In the Harlequin office lurks a worshipper of Ted, Jack, Neo, Shane, Matt, Julian, and most recently John Wick. Over several decades, Keanu has shown us the depth needed in any romantic hero. He chills, he thinks, he studies chemical compounds, he builds houses, he chases Dracula, he crashes cars, and he confounds us with existential crises. Plus, he looks amazing in plaid shirts, jeans, and hiking boots.
My love for Keanu Charles Reeves began with River’s Edge, where he played a tormented teen. I was tormented for him and realized immediately that he was destined to be my husband for superstardom. At least in hindsight. And no, I did not write him a fan letter, nor do I ever think he should grace one of the Harlequin series covers.

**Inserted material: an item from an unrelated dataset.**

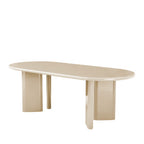 Glossi - Oval Dining Table for 6 - Lacquered Wood - Greige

I appreciate the breadth of his work. He’s been totally awesome for decades and has acted in over fifty movies, along with many other projects. His creativity cannot be denied. As box office gold or an indie favorite, he has maintained a presence. When you think he’s hibernating in his Keanu Kave, he resurfaces and is better than ever! He has a way of reinventing himself, and you don’t ever quite know who he is. You just love him.
Just to name a few of his projects…
Of course, he plays the magnificent Siddhartha in Little Buddha, encouraging us all to be enlightened souls.
He saves Sandra Bullock (though actually her driving saves them all) in Speed.
He outfoxes Al Pacino in The Devil’s Advocate and it’s so cool how he does it even though painful to watch.
Somehow, we believe he’s a quarterback in The Replacements, though I don’t think he can dance (see the jail scene). He gets into it, though.
Keanu scoffs at your thinking that he only plays the good guy. Check him out as probably the sexiest serial killer on screen in The Watcher. Sure, James Spader is trying to bring him down, but he can’t compare to a demonic Keanu who slays his victims with piano wire. You want Bad Keanu to win!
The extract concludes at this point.